4 In hun antwoord lieten de Griekse autoriteiten weten, dat opdracht was gegeven tot een administratief onderzoek en dat de zaak overigens aan een onderzoeksrechter was overgedragen; alvorens de door de Commissie genoemde maatregelen te nemen, diende men af te wachten, tot welke conclusie de gerechtelijke autoriteiten zouden komen .

5 Nadat ook verdere briefwisseling vruchteloos was gebleven, leidde de Commissie op 27 juli 1987 de procedure van artikel 169 EEG-Verdrag in en verzocht zij de Helleense Republiek haar opmerkingen te maken . Deze antwoordde bij brief van 27 augustus 1987, die erop neerkwam, dat de uitslag van het lopende administratieve en gerechtelijke onderzoek moest worden afgewacht .

6 Op 9 oktober 1987 bracht de Commissie een met redenen omkleed advies uit, waarop de Griekse regering - en dat ook nog te laat - enkel reageerde met een herhaling van wat zij eerder had verklaard .

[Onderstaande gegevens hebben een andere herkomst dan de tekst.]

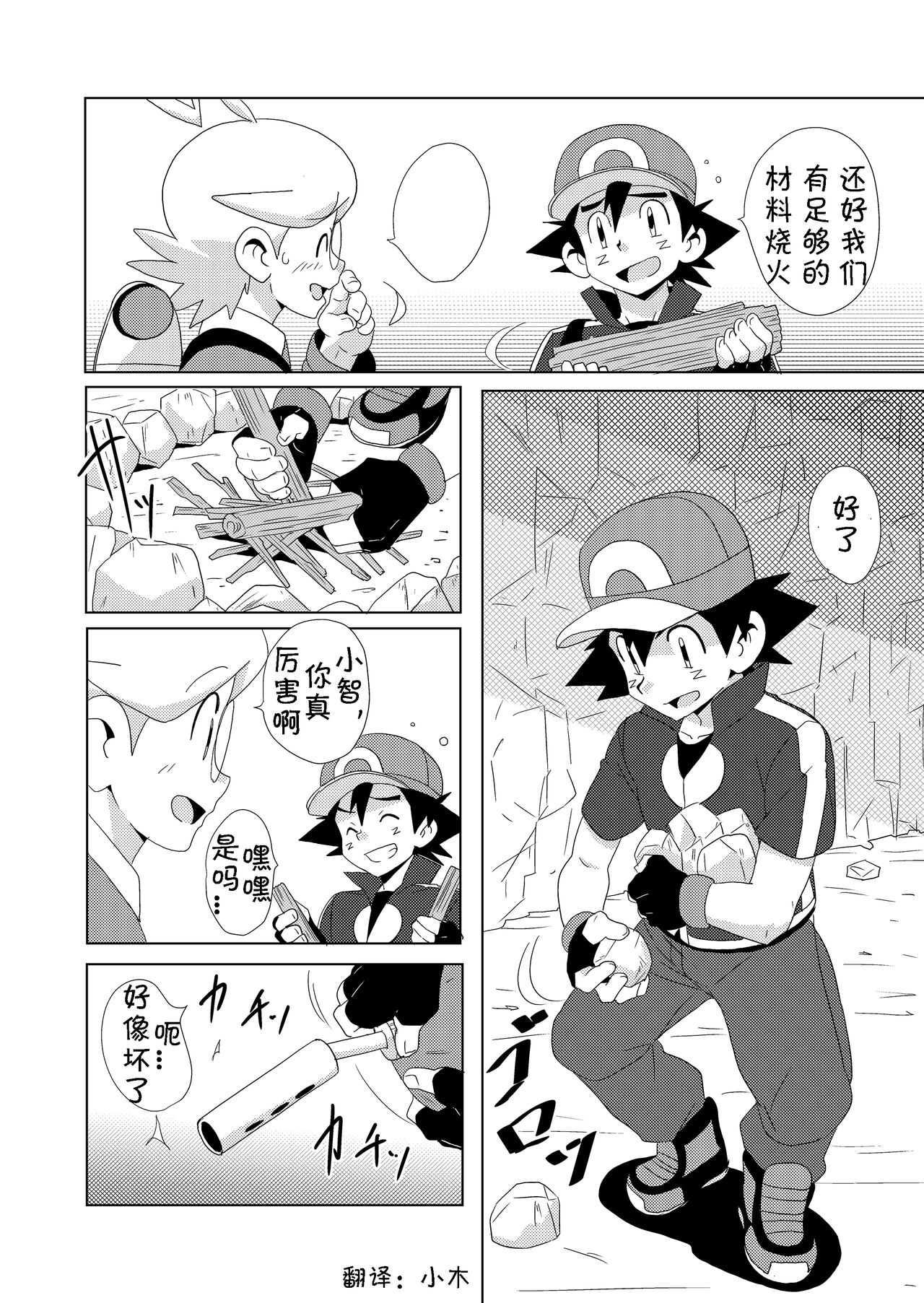 The Rainbow Connection page 4 full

7 Daarop heeft de Commissie het onderhavige beroep ingesteld . Hoewel behoorlijk in het geding geroepen, heeft de Helleense Republiek binnen de gestelde termijn geen verweerschrift ingediend . Overeenkomstig artikel 94, paragraaf 1, van het Reglement voor de procesvoering heeft de Commissie het Hof verzocht om toewijzing van haar conclusies .

8 Voor een nadere uiteenzetting van het procesverloop en de middelen en argumenten van de Commissie wordt verwezen naar het rapport ter terechtzitting . Deze elementen uit het dossier worden hierna slechts weergegeven voor zover dat noodzakelijk is voor de redenering van het Hof .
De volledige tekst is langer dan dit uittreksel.